Medieval Writing
Seals of Particular Authority
Any corporate body or officer who was empowered to ratify legal documents employed a seal for the purpose. These might range from the grandest of high authority to simple seals of local officials. In general, the range of motifs and designs rings the changes on those found in other categories.
Court of the King's Bench 15th century seal of the Court of the King's Bench, obverse.
The special seals of the courts of law were really a variant on the royal seal, indicating the ultimate source of their authority. Henry VI sits crowned in majesty with orb and sceptre in this example.
Court of Augmentations, obverse Obverse and reverse of a 16th century seal of the Court of Augmentations (Nottinghamshire Archives, DDFJ 10/7/31, on a lease renewal). By permission of the Nottinghamshire Archives.
Court of Augmentations, reverse
seal of admiral Seal of Earl John Holland, 1436.
The device on this seal indicates the position and authority of its owner as Admiral of England. The ship image combined with the use of heraldry on the sail makes it very similar to the town seals of significant ports like Hastings.
Seal of Adam, treasurer of Nevers, from 1269. (From de Boüard 1929)
This one is particularly appealing, with the treasurer hovering over and jealously guarding his treasure cupboard.
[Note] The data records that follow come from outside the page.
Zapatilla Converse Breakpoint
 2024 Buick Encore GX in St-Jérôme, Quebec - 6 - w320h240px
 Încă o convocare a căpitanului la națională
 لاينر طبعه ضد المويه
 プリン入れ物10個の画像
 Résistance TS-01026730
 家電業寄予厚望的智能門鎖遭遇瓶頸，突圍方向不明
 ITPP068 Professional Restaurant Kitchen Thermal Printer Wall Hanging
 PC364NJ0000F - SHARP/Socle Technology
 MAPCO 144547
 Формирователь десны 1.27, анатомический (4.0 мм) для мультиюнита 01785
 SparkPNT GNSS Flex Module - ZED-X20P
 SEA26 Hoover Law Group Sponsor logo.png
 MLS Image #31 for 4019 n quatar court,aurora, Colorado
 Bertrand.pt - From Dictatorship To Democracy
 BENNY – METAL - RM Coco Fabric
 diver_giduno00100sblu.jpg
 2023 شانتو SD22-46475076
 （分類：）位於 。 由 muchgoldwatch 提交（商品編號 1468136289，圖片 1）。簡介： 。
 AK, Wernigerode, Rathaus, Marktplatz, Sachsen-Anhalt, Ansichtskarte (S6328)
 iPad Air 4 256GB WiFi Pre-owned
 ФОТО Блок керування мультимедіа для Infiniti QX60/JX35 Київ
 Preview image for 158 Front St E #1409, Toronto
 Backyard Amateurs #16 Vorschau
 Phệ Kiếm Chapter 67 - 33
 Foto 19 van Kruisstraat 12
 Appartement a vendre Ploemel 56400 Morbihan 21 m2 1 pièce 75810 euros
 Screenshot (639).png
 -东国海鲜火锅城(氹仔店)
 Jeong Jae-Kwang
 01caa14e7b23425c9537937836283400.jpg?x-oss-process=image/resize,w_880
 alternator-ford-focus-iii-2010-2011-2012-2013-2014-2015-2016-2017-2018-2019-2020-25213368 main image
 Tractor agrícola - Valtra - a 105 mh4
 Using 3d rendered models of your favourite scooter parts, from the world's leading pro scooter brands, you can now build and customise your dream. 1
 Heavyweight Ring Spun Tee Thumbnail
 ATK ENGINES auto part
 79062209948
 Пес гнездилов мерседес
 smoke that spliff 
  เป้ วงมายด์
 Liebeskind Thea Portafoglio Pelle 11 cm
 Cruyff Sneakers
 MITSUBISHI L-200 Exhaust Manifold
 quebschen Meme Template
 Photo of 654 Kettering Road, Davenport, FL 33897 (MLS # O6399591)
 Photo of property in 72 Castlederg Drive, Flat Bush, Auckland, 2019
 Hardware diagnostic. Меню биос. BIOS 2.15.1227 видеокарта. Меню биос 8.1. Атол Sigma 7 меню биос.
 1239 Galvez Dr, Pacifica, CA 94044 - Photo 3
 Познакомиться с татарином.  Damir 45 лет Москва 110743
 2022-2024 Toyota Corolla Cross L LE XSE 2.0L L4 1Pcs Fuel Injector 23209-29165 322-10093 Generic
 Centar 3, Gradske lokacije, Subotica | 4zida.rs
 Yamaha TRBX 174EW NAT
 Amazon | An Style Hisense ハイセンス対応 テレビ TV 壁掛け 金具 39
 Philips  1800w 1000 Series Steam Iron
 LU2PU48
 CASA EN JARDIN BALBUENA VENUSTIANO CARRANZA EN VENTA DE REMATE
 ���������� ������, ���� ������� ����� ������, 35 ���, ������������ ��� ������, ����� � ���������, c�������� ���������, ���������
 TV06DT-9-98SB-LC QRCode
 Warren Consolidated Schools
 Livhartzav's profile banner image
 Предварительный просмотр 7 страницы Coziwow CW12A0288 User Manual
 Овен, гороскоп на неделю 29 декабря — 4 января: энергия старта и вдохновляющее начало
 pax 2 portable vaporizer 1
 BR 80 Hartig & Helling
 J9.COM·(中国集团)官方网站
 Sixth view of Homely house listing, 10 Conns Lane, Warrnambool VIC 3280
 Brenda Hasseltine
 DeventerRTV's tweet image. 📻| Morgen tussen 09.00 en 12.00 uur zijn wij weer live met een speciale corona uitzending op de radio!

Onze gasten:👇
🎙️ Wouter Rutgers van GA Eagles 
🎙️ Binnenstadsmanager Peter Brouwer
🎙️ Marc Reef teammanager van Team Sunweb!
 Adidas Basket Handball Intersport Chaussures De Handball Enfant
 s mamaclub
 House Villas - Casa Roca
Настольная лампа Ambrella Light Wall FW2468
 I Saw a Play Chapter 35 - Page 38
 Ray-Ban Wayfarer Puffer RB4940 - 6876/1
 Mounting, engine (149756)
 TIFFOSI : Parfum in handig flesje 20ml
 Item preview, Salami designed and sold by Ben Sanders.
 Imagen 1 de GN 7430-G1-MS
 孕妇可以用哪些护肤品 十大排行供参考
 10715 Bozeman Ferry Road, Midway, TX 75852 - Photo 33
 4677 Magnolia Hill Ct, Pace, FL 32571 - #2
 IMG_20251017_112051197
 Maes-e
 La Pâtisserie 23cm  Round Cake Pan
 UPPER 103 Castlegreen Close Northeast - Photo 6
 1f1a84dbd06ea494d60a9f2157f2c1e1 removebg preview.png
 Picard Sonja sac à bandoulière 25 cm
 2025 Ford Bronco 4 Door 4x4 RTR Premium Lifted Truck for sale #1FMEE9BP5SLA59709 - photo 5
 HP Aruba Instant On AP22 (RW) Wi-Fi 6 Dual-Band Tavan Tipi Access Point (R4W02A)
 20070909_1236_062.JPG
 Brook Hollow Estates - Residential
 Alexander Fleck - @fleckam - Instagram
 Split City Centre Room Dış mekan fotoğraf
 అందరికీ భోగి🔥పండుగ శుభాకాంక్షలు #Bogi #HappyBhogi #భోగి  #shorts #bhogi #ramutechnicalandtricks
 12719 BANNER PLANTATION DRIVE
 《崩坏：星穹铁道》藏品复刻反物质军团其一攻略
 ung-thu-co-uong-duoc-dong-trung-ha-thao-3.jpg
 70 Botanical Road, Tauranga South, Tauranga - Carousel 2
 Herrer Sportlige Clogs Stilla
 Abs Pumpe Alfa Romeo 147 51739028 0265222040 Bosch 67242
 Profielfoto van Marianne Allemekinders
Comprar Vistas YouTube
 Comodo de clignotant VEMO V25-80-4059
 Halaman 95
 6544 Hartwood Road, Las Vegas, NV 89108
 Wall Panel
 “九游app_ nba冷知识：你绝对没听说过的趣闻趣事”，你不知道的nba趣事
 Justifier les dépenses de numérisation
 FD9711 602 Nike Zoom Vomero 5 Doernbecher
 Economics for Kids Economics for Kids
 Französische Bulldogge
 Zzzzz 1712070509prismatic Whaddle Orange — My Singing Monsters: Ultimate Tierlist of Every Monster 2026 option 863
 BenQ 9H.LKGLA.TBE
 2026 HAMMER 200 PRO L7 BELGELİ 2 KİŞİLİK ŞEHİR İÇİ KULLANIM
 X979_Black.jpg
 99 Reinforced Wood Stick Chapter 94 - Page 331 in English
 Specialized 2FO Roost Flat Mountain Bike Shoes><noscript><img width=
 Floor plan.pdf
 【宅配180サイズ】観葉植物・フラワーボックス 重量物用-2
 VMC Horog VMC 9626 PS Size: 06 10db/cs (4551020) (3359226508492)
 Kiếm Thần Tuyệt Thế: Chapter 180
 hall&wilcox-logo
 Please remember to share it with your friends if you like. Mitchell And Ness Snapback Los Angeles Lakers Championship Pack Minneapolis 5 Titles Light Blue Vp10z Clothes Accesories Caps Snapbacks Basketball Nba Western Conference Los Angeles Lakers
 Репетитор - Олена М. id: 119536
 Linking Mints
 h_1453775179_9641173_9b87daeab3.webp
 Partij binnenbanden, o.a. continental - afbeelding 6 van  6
It is almost an upmarket version of the seals of town tradesmen displaying their tools, but in the pointed oval shape of a person of significance.
As literate processes became more widespread for all sorts of purposes in the later middle ages, so the use of seals progressed down to lesser officials, just as the use of seals by private persons spread down the social scale. Seals of English sheriffs appeared in the early 14th century, with a variety of designs. Presumably sheriffs were also required to be able to write, as well as read the writs they were sent. By the late 14th century labourers travelling away from their homes had to carry passes sealed by someone appointed by local justices of the peace. These seals carried no graphic designs, only lettering, and were standardised. Local officials collecting customs duties for the crown had their particular seals. There seems to be some shortage of information on the range and variety of these lesser official seals.
The miscellany of seals shown on these pages, gleaned serendipidously from various sources, indicates the wealth of visual information in seals. They seem to have been studied so far in a rather classificatory way, with lots of obscure heraldic terminology. There is surely scope for an examination of these artifacts as part of social history, and as much a part of the history of literacy and the development of literate processes in society as the written words which survive on the sheets of parchment to which they are attached.